Stories have been rolling out of Texas since the film portion of the South By Southwest  festival kicked off on March 13 and will continue to do so for weeks after the music portion's end on March 22. New bands, old bands, new-old bands -- so much happens down in Austin this time of year, the sheer volume of stories becomes a blur.

Except this one.

Glenn Peoples reports in Billboard that the U.S. State Department arranged and funded a SXSW showcase for Pakistani musicians. Peoples quotes Jennifer McAndrew -- an Austin native who was working at the U.S. embassy in Pakistan:

"I was in Islamabad, meeting all these artists and seeing how they really struggled to find places to perform, struggled to produce music when there's very few intellectual property rights protections there. So we wanted to help them make this connection."
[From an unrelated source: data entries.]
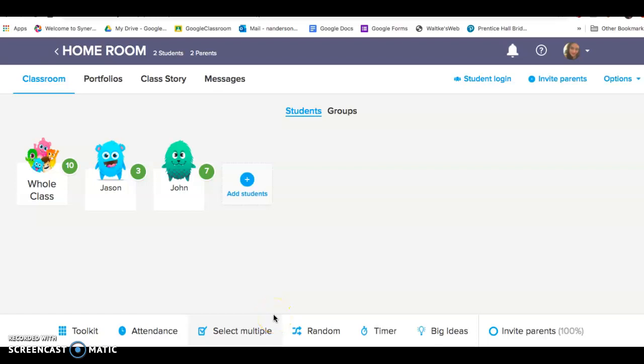Hi everybody, welcome to Class Dojo. I just wanted to share a couple of quick tips and tricks that will keep you productive and your parent communication strong.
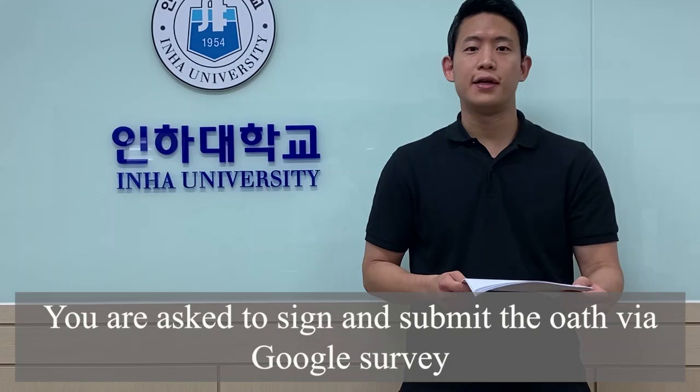You are asked to sign and submit the auth form via Google survey. The link for the auth will be sent to all applicants by email.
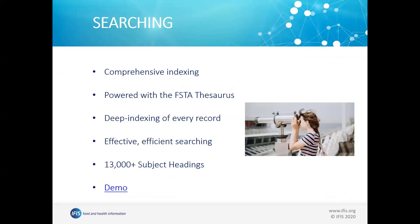When you use FSTA to search, the thing that really drives the searching is the comprehensive indexing done by our editorial team. The database is powered by the thesaurus. Every record has been deep indexed — meaning it's looked at not just with the title, abstract, and author-supplied keywords, but we actually find the keywords that describe the essence of what the article is about. We have more than 1,300 different thesaurus terms or subject headings.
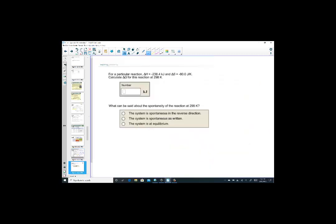Let's try another problem. Given delta H of negative 238.4 kJ per mole and delta S, we'd like to find delta G. Pause the video and work this problem ahead. It's very important to independently practice — pause, practice, and come back.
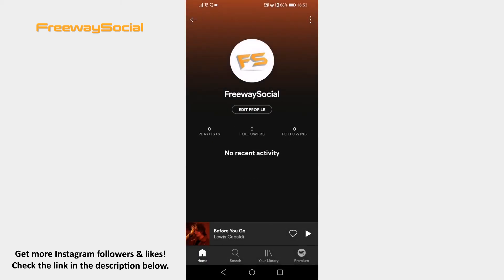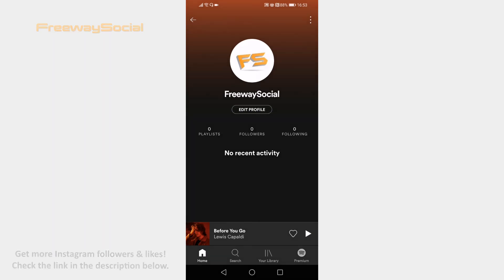That's how you change your Spotify username. I hope this guide was helpful and you were able to change username on Spotify app. Don't forget to like this video and visit us at FreewaySocial.com.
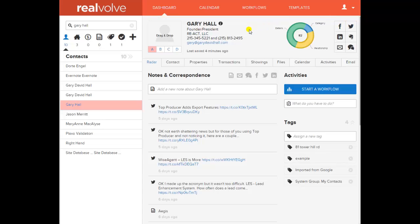If I have documents relevant to Gary's record, I can paste that email address into an email to that person and say, 'When you get those documents, just send them to this email address.' I don't have to receive and store them, because when he sends those documents to that email address, they will be automatically stored right here.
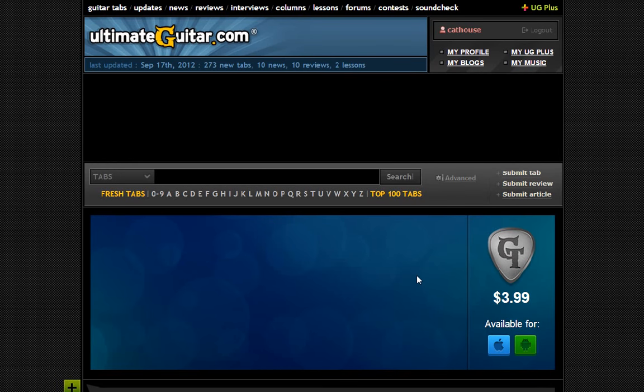Okay, so what I want to do — sorry about today, obviously I had to stay home — but I wanted to show you Ultimate Guitar and kind of how Ultimate Guitar works to make sure that you all understand this. I'm sure most of you have looked at this already, but anyway, I want to show you this. The website is ultimate-guitar.com.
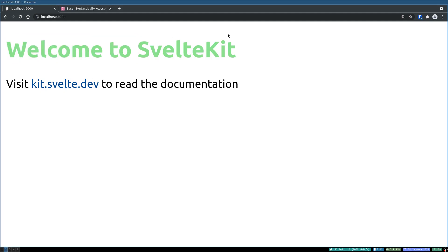And yes, it already applied it. So this is how you can use Sass in SvelteKit. All right guys, thank you, bye bye.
As hard as this is to admit, I'd never considered the possibility that Pakistan has a music scene. My perception of Pakistan is comprised of turbulent headlines and heated political rhetoric, a barren desert filled with angry, screaming people. That's the problem with letting headlines shape one's worldview.

The article led me to the band Khumariyaan, which led to this amazing clip:

In just a little less than five minutes, the world got a little smaller and mine got a little bigger. That's the power of music.

Of all the popular arts, music lends itself best to cultural exchange. Books and movies must be translated in order to leap cultural barriers, and painting and dance fall more into the fine art category. Music more than any other media personifies Marshall McLuhan's famous adage that "the medium is the message."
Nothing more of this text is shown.